■ RECORDS FOR THE TASK

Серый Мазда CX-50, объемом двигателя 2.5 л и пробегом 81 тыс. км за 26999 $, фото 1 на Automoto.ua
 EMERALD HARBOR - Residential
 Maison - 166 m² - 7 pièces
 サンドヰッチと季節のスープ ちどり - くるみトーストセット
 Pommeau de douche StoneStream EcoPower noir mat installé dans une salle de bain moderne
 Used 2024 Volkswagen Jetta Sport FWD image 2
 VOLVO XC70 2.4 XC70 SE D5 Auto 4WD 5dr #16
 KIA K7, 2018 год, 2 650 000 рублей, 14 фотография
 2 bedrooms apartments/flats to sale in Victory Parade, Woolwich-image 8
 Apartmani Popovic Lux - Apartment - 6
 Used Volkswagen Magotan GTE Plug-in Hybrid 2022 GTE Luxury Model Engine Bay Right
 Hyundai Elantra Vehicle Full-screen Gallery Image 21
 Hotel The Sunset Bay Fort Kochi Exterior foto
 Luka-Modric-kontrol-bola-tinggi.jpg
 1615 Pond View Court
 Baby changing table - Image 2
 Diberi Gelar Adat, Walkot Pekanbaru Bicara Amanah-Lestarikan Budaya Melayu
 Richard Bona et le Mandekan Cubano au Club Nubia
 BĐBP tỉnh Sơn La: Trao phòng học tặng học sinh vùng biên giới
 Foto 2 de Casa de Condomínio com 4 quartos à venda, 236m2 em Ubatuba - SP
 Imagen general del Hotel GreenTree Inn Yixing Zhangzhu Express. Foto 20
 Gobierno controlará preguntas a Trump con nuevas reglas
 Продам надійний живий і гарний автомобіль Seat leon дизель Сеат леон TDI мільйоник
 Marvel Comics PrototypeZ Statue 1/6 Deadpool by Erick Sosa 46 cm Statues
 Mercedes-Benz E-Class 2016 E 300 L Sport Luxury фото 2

■ WHAT THE TASK ASKS
From the first line of the listing above through the line that contains "Hyundai Elantra Vehicle", retype every line exactly, and write nothing else.

■ RESPONSE BELOW
Серый Мазда CX-50, объемом двигателя 2.5 л и пробегом 81 тыс. км за 26999 $, фото 1 на Automoto.ua
 EMERALD HARBOR - Residential
 Maison - 166 m² - 7 pièces
 サンドヰッチと季節のスープ ちどり - くるみトーストセット
 Pommeau de douche StoneStream EcoPower noir mat installé dans une salle de bain moderne
 Used 2024 Volkswagen Jetta Sport FWD image 2
 VOLVO XC70 2.4 XC70 SE D5 Auto 4WD 5dr #16
 KIA K7, 2018 год, 2 650 000 рублей, 14 фотография
 2 bedrooms apartments/flats to sale in Victory Parade, Woolwich-image 8
 Apartmani Popovic Lux - Apartment - 6
 Used Volkswagen Magotan GTE Plug-in Hybrid 2022 GTE Luxury Model Engine Bay Right
 Hyundai Elantra Vehicle Full-screen Gallery Image 21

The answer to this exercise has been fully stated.